Samuel Alapai Kahanamoku (November 4, 1902 – April 26, 1966) was an American competition swimmer who represented the United States at the 1924 Summer Olympics in Paris, where he won a bronze medal in the men's 100-meter freestyle event. He was the younger brother of surfer and Olympic gold medalist Duke Kahanamoku and the elder brother of Sargent Kahanamoku.

==Biography==
He was born to Duke Halapu Kahanamoku and Julia Paakonia Paoa in 1902. He was described by his brother Louis to be a "musical savant". Like his elder brother Duke, who was 12 years older than Sam, he was a talented swimmer and surfer. He was also one of the top sprinters in Hawaii. Sam and Duke competed together at the 1924 Summer Olympics in the men's 100-meter freestyle event. Duke came in second at 1:01.4 while Sam came in third at 1:01.8. Sam's daughter Jo-Anne Kahanamoku-Sterling suggested in 2010 that Sam slowed down for his elder brother to overtake him, but Duke Kahanamoku biographer David Davis suggested this to be unlikely since the brothers were separated by three lanes and it would be hard for Sam to judge Duke's progress.
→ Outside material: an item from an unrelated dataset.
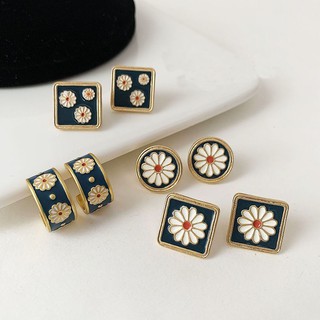 Enamel Flower Earrings Round Square Geometry Shape Korean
In 1935, the Kahanamoku brothers hosted Doris Duke and her husband James Cromwell, who were visiting Hawaii on her honeymoon tour. Sam taught her how to surf, and acted as her chauffeur, leading to reports that they had become lovers. In 1939, Sam introduced Duke to his future wife, Nadine Alexander. Following his sports career, Samuel Kahanamoku became a real estate agent before he died in 1966.

Kahanamoku had two children by his first wife. He also had an affair with Winifred Powell, a Navy officer’s wife, while they were on . Sonia Vrooman Lien Kahanamoku (September 20, 1935 – March 9, 2016), their daughter, did not know her father's true identity until 2010.